Could you be pregnant?

12:0AM, Apr 25th 2012

There are more signs than a missed period to know if you've conceived.

Image: Thinkstock

Some people know they're pregnant even before they've missed a period. Others may have irregular cycles and not even think pregnancy is an option. And even more keep having periods throughout their pregnancy. Short of buying a pregnancy test every time you feel a touch of nausea — how else can you know if you're pregnant?

Changing breasts
Even before your period is due you may see some changes in breasts. Most women's breasts become tender before their period is due and the veins on them seem to protrude even more, so your breasts can start to resemble a road map. Amazingly, even at this early stage your breasts are changing for milk production. The brownish circles around the nipples (the areolae) become darker and the little bumps on them (the strangely named Montgomery's tubercles) are more prominent.

Some bleeding
Often mistaken for a period, implantation bleeding, as it's known, can occur when the fertilised egg arrives in your uterus and embeds itself in your uterine lining. Some women find they lose a small amount of blood around this time, or just before their period. The blood tends to be reddish to begin with, but then quickly turns brownish. It only tends to last a day or two and is not heavy. So if you think you've had an unusually short or light period, it could be that you're pregnant.

Urge to wee
As soon as your progesterone levels rise and the embryo starts to secrete the hormone HCG, the blood supply to your pelvic area increases, which leads to pelvic congestion. This leads to your bladder becoming irritated, and in the process, it tries to expel urine at frequent intervals – even in small amounts. Most women therefore experience a desire to wee more often than usual. This can happen as early as one week after conception.

Strange taste
The saliva in your mouth often reflects the chemical content of your blood and with rising hormone levels the taste in your mouth can change. Women have often described their mouth as having a metallic taste. This can make the taste of certain foods such as tea, coffee or your morning bowl of cereal different from before.

Over-sensitive sense of smell
A strange sense of smells, too, can be a sign that baby is on the way. Strong smells, particularly, such as the smell of brewing coffee or frying onions — even if you loved them before – can suddenly make you feel sick. Perfume can have a similar effect and you may notice the way your perfume smells on your body also changes because of the alterations in your skin's chemistry.

Cravings
You suddenly start to crave foods you never even thought twice about before. Many women crave tangy foods such as grapefruits, oranges and lemon juice. Other cravings are more peculiar, such as coal and chalk (this is a condition called pica — and we don't need to tell you that eating coal is not good for you or the baby, do we?). One theory is that cravings are your body's response to a deficiency in certain minerals and trace elements. If you crave citrus fruits, for example, you could be deficient in vitamin C — although we don't know this for sure yet.

Exhaustion
Feeling overwhelmingly tired throughout the day — as if you could just lie on your office floor and sleep to sleep forever, partly due to the high levels of progesterone in your body, which has a sedative effect. During early pregnancy, your metabolism speeds up in order to support your developing embryo and your vital organs, which have to cope with an enormously increased amount of work. And the tiredness is probably worse if it's your second or third baby, when you're less likely to have a chance to rest.

You feelsick
Nausea is often worse in the morning mainly because you have an empty stomach and your blood sugar has dropped, but some women feel sick all day! Pregnancy sickness has been associated with poorer diets, infrequent meals and stress associated with the pregnancy. The hormone HCG (human chorionic gonadotrophin) is probably the most likely cause of pregnancy sickness.

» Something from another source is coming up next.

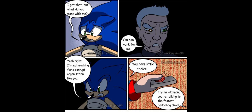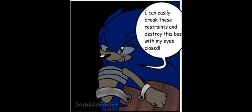You... I get that, but what do you want with me? You now work for me. Heh, yeah, right. I'm not working for a corrupt organization like you. You have little choice. Heh, try me, old man. You're talking to the fastest hedgehog alive. Dude, if anything, I can easily break these restraints and destroy this whole damn base with my eyes closed.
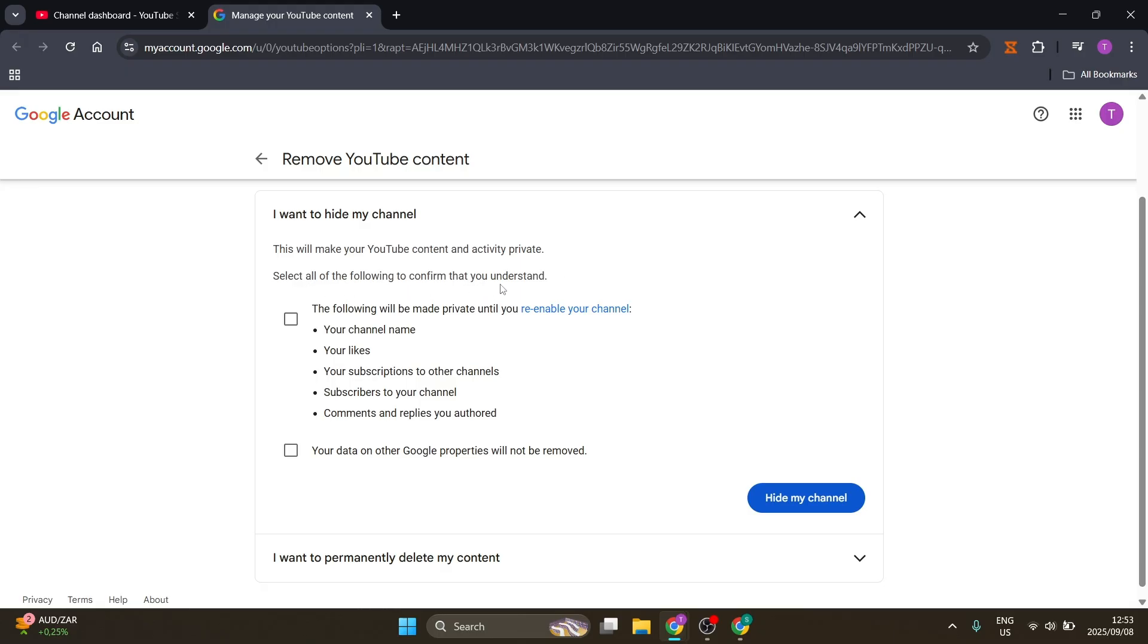You're going to select the following to confirm that you understand. Check that box, just make sure that you're reading through it so that you fully understand it. Click on that and this will now be hidden.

But at least there's a positive side to nausea and vomiting in pregnancy – it's a sign that hormone levels in your bloodstream are high enough to ensure that the pregnancy is well established (although don't worry if this doesn't apply to you, as some women are lucky enough to sail through their pregnancies without feeling sick).

To be sure...
Of course one easy way of finding out you are pregnant is to do a pregnancy test. You can buy a test kit from your local pharmacy or supermarket. Pregnancy test kits are 99 per cent accurate (a positive test is almost definitely correct; a negative result is less reliable — you may have to wait a week and start again).